→ Activity:
Copy out and return the lines from the one holding "FINE BONE CHINA" to the end of the listing below, both included, omitting the pictures.

|---|

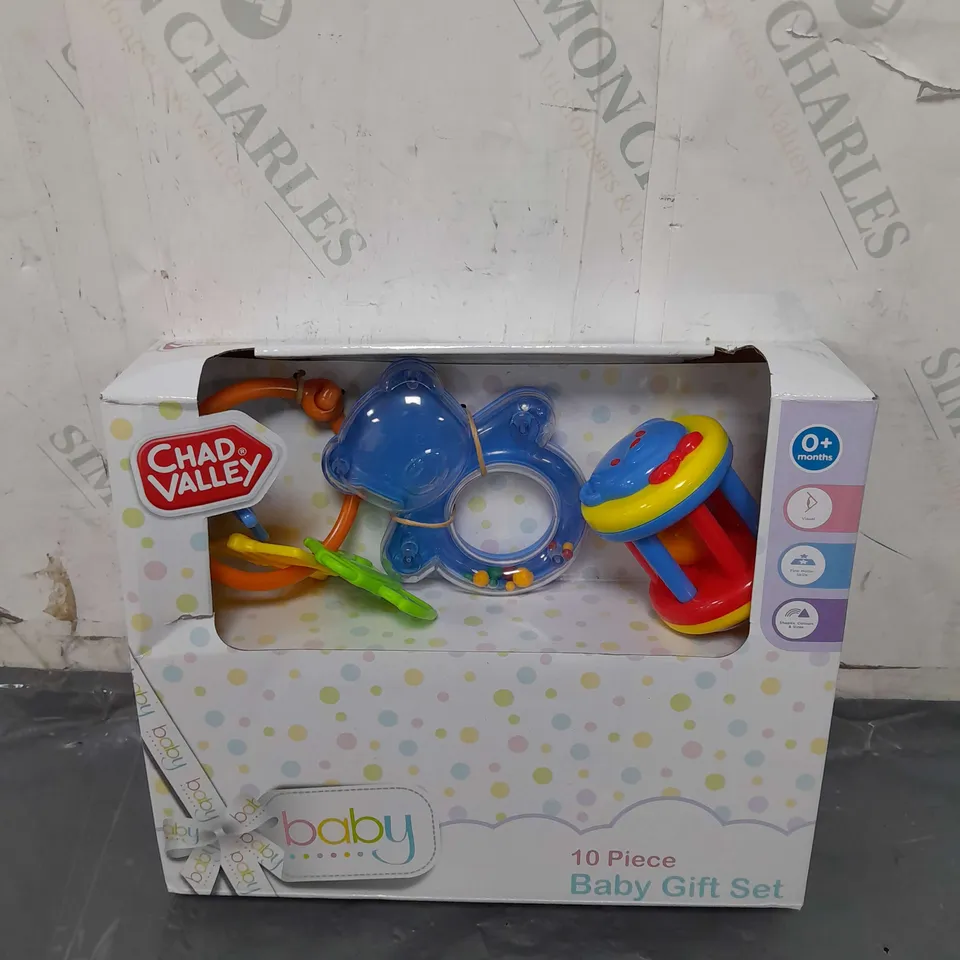 CHAD VALLEY BABY - 10 PIECE BABY GIFT SET - 0+MONTHS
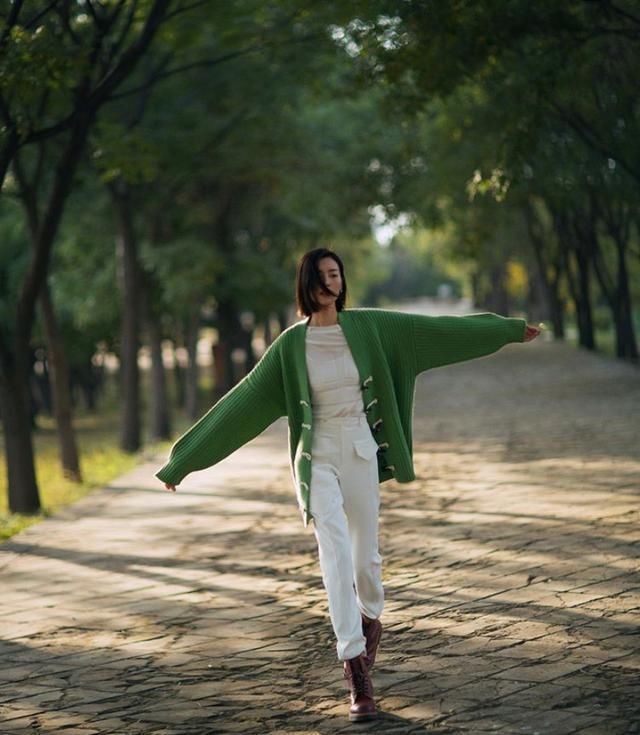 用它搭配上|初秋必备的“针织衫”，这样搭配起来，时髦气质到不行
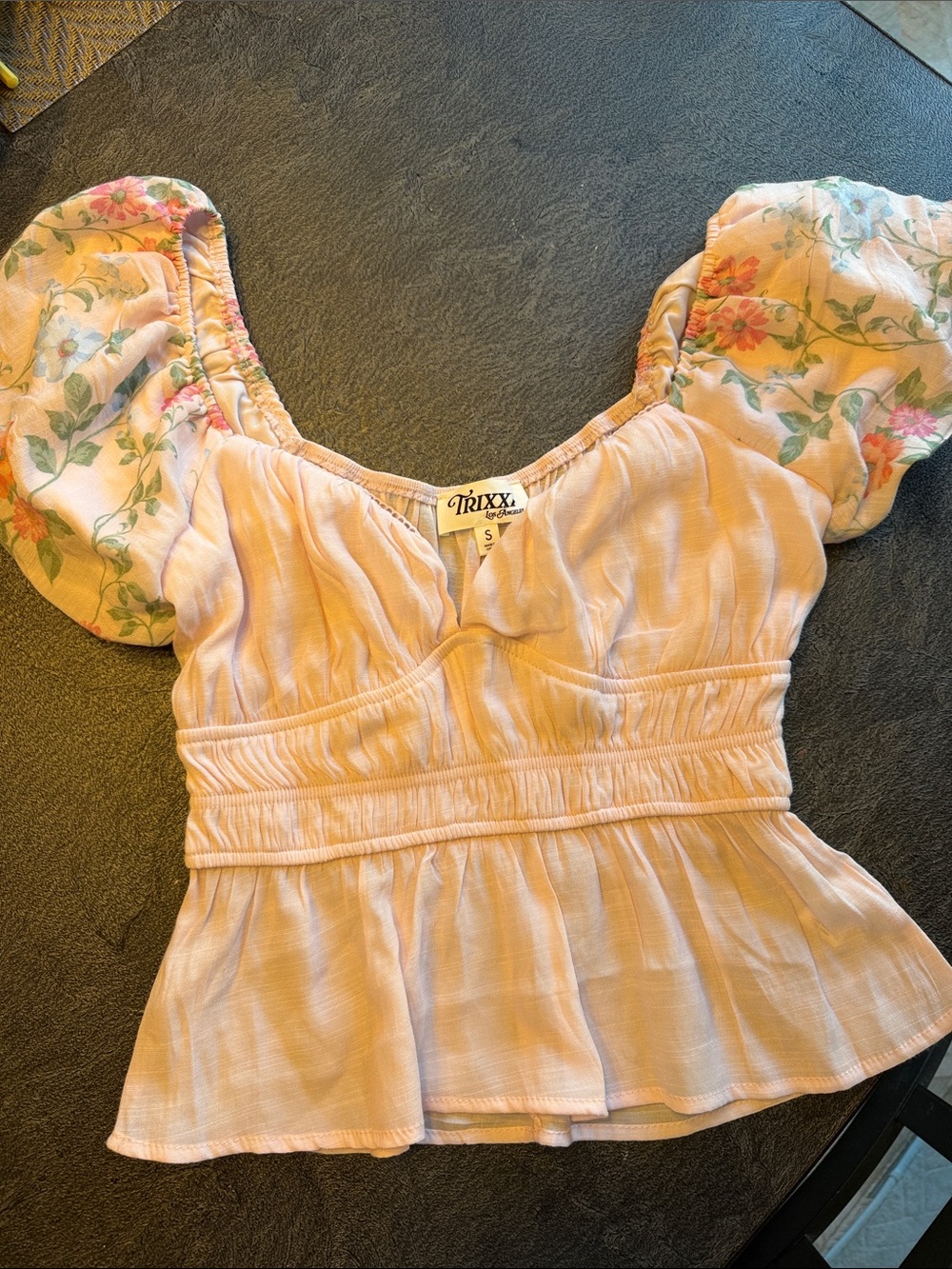 Trixxi Pink Floral Puff Sleeve Peplum Top size Small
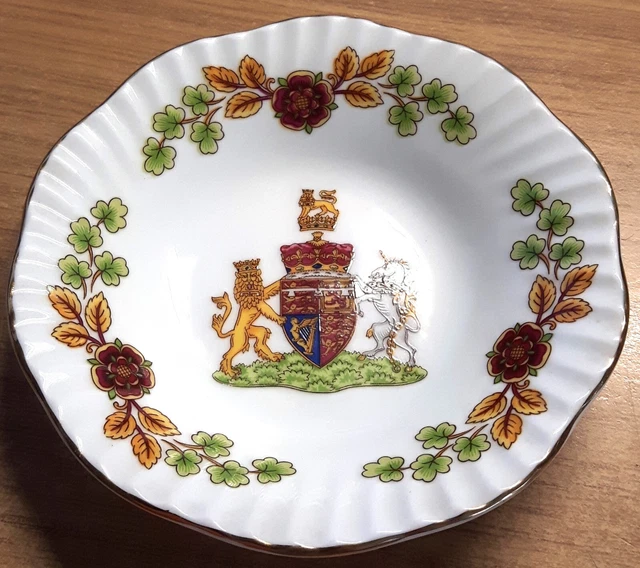 FINE BONE CHINA ELIZABETHAN STAFFORDSHIRE Hand Decorated trinket bowl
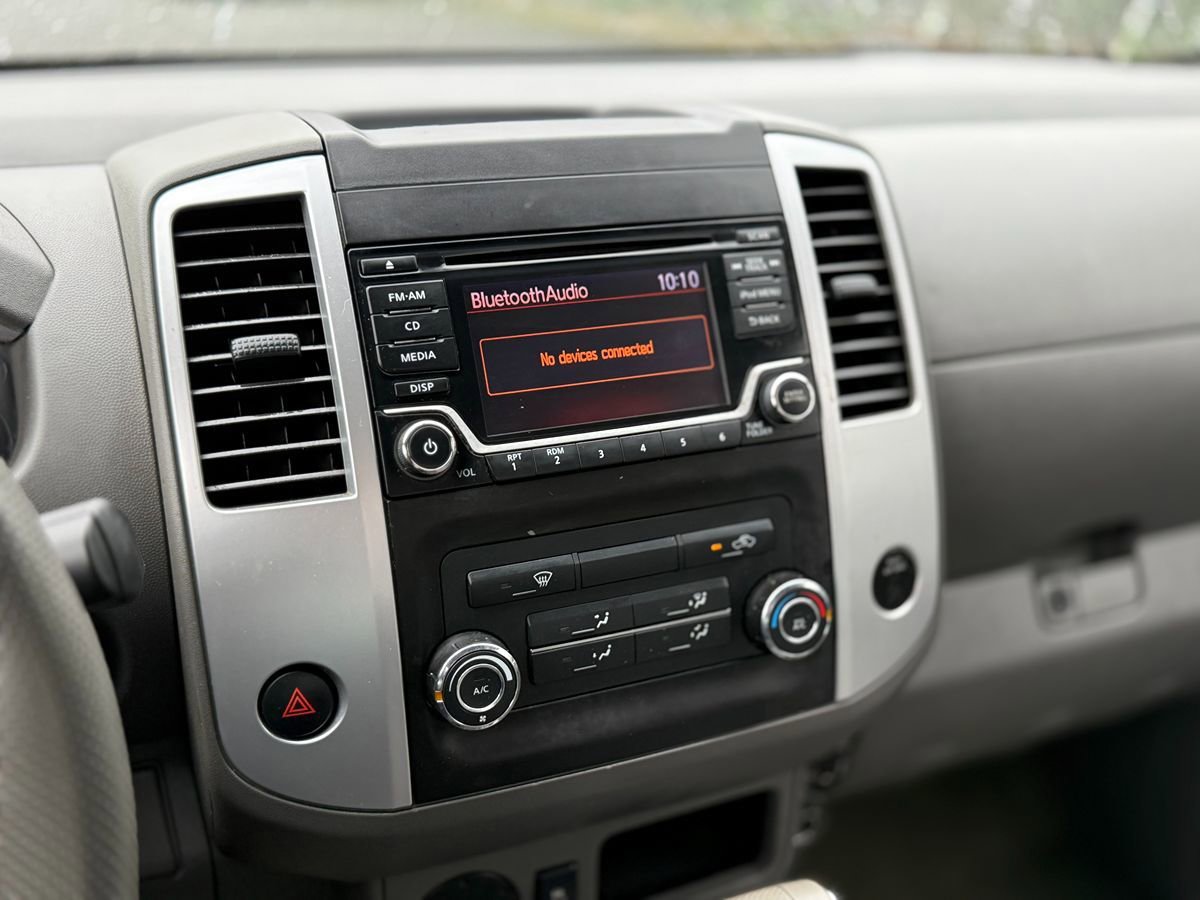 Used 2018 Nissan Frontier S image 24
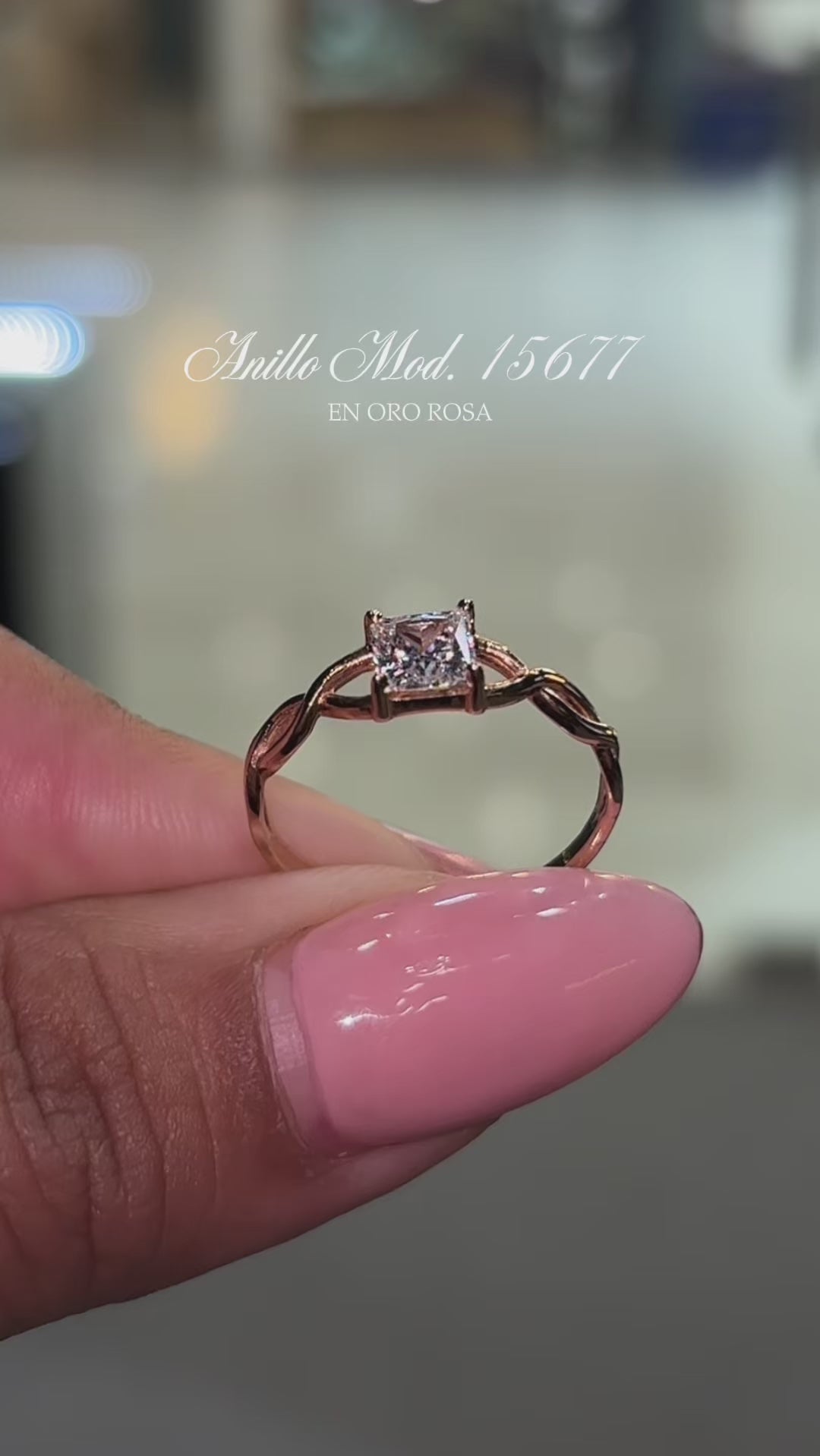 Anillo en Oro Rosa 10k con Circonias Mod. 15677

|---|

→ Solution to the problem:
 FINE BONE CHINA ELIZABETHAN STAFFORDSHIRE Hand Decorated trinket bowl
 Used 2018 Nissan Frontier S image 24
 Anillo en Oro Rosa 10k con Circonias Mod. 15677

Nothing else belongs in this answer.